Acórdão do Tribunal da Relação do Porto
Processo:
9210830
Nº Convencional: JTRP00005061
Relator: BAIÃO PAPÃO
Descritores: PROCESSO DE AUSENTES
REVELIA
RECURSO
SUBIDA DE RECURSO
CHEQUE SEM PROVISÃO
CONSUMAÇÃO
CONDIÇÕES DE PUNIBILIDADE
DESCRIMINALIZAÇÃO
Nº do Documento: RP199207089210830
Data do Acordão: 07/08/1992
Votação: MAIORIA COM UM VOT VENC
Tribunal Recorrido: T COR PORTO 3J
Processo no Tribunal Recorrido: 615/89-3
Data Dec. Recorrida: 01/19/1992
Texto Integral: N
Privacidade: 1
Meio Processual: REC PENAL.
Decisão: PROVIDO PARCIALMENTE.
Área Temática: DIR CRIM - CRIM C/PATRIMÓNIO.
DIR PROC PENAL.
Legislação Nacional: CPP29 ART571 PAR3.
DL 454/91 DE 1991/12/28 ART11.
Jurisprudência Nacional: AC RP DE 1977/06/01 IN CJ T4 ANOII PAG863.
AC RL DE 1979/02/14 IN BMJ N286 PAG299.
AC STJ DE 1987/04/08 IN BMJ N366 PAG450.
ASS STJ DE 1980/11/20 IN BMJ N301 PAG263.

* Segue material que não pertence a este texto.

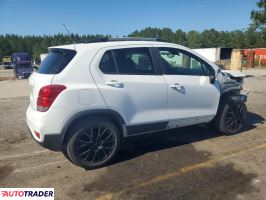 Chevrolet Trax 2021 1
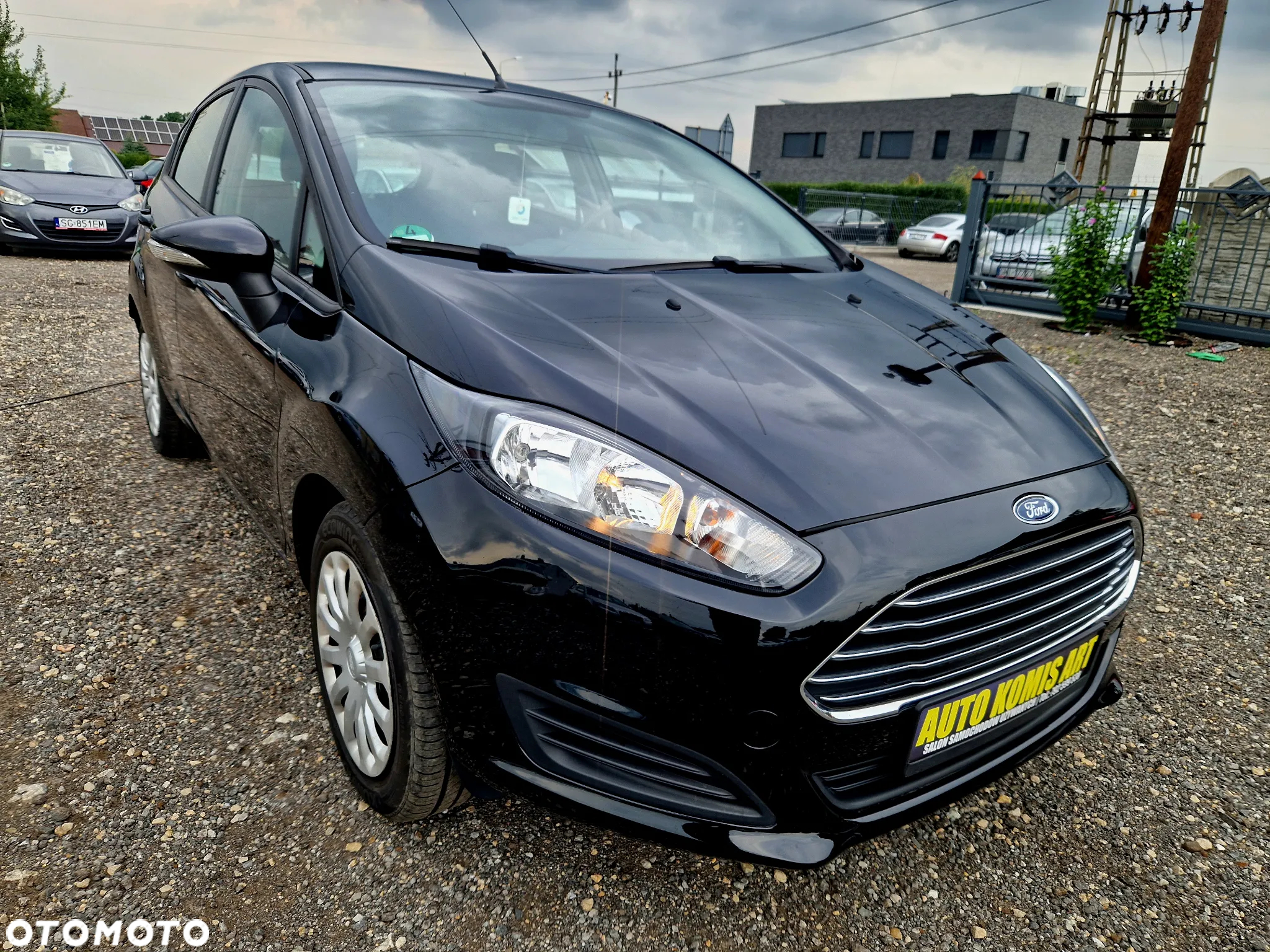 Ford Fiesta 1.25 Trend - 3
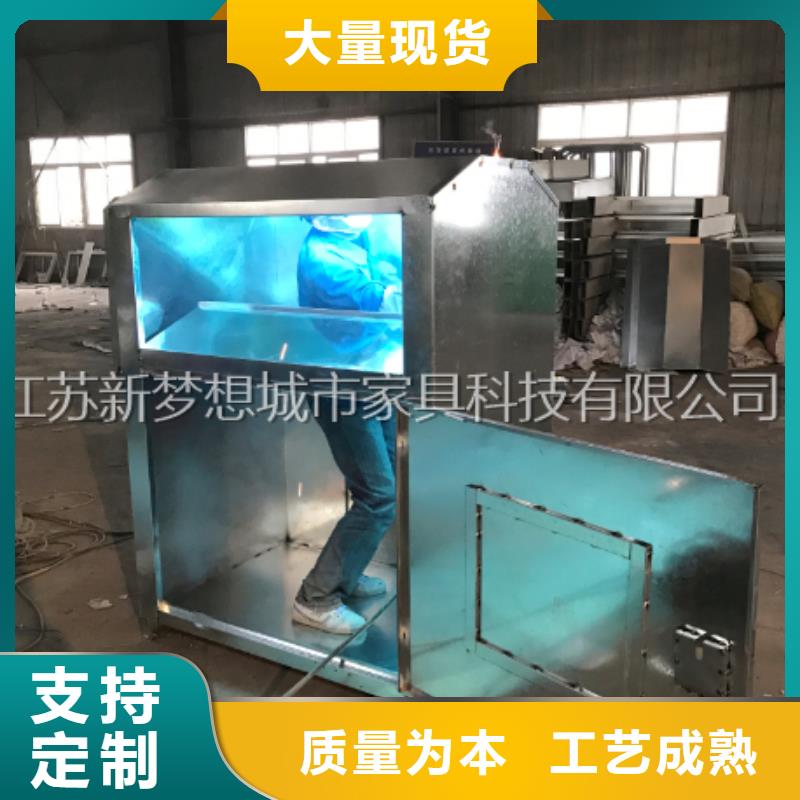 旧衣回收箱小区垃圾分类亭库存丰富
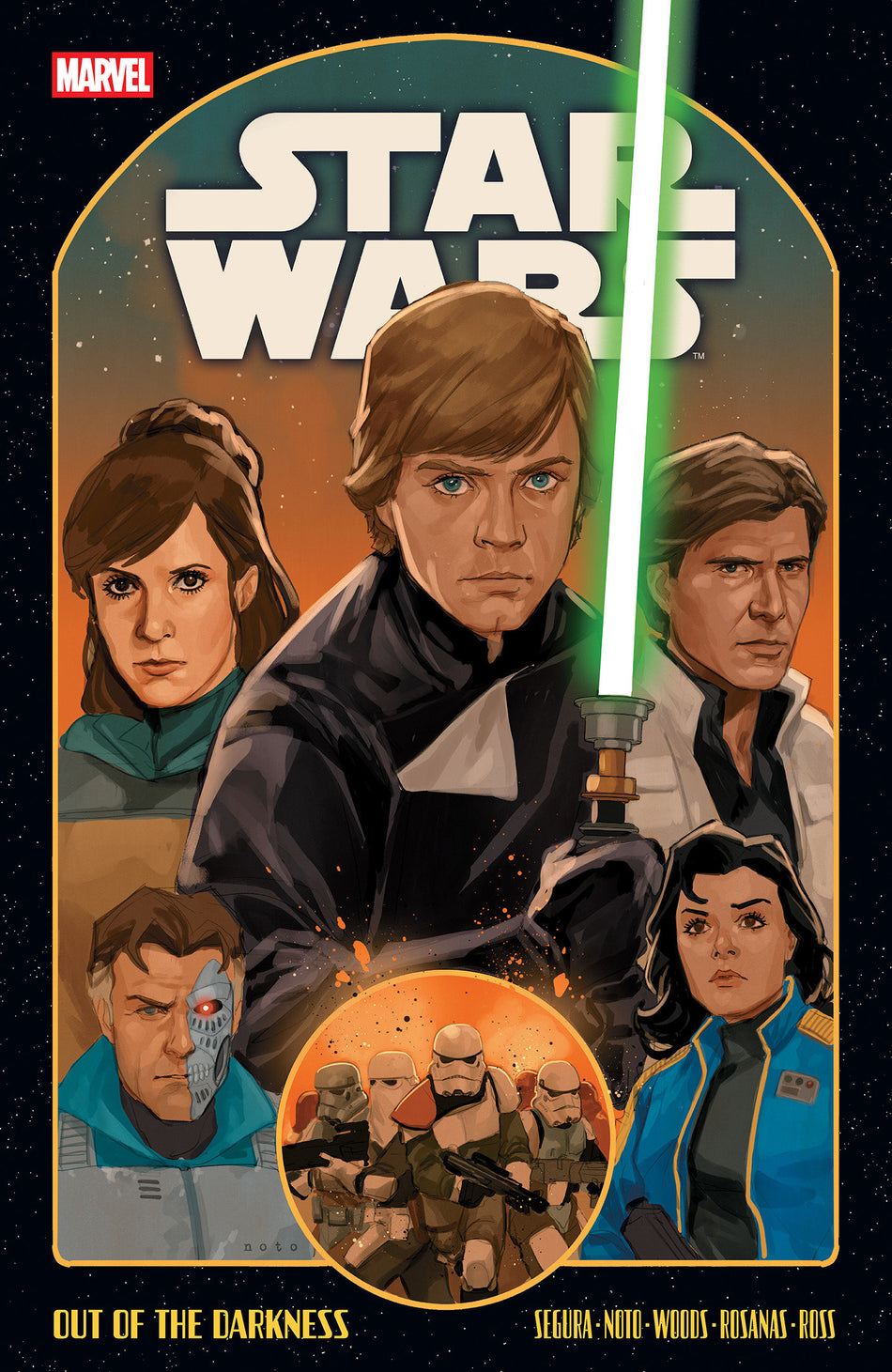 STAR WARS TP VOL 01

AC STJ DE 1981/11/17 IN BMJ N311 PAG239.
AC RP PROC9230305 DE 1992/05/06.
Sumário: I - Tendo o réu respondido à revelia, o Ministério Público deve interpôr recurso no prazo legal a partir da prolação da sentença, mas o recurso só deverá subir ao tribunal superior depois da sua notificação àquele e do decurso do prazo para ele recorrer ou requerer novo julgamento.
II - O crime de cheque sem cobertura consuma-se com a emissão do cheque e a sua entrega ao beneficiário, com a consciência de praticar um acto proibido por lei, funcionando a apresentação do cheque a pagamento e a recusa deste, por falta de provisão, como meras condições objectivas de punibilidade.

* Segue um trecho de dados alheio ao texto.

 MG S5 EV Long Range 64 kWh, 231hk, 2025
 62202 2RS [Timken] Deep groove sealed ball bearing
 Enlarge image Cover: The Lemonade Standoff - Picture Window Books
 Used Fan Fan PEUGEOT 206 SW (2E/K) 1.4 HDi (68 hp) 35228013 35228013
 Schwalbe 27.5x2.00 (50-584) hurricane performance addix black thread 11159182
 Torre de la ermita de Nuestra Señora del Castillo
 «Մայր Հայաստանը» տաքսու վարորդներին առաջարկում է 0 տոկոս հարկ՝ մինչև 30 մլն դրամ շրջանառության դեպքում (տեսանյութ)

III - O artigo 11 do Decreto-Lei nº 454/91 continua a punir criminalmente a emissão de cheques sem provisão de valor superior a 5000 escudos, desde que com a emissão e entrega seja causado " prejuízo patrimonial ".
IV - O interesse jurídico protegido com a incriminação do cheque é agora o interesse patrimonial do beneficiário do cheque.
V - Só há despenalização nos casos em que se verifique inexistência de prejuízo.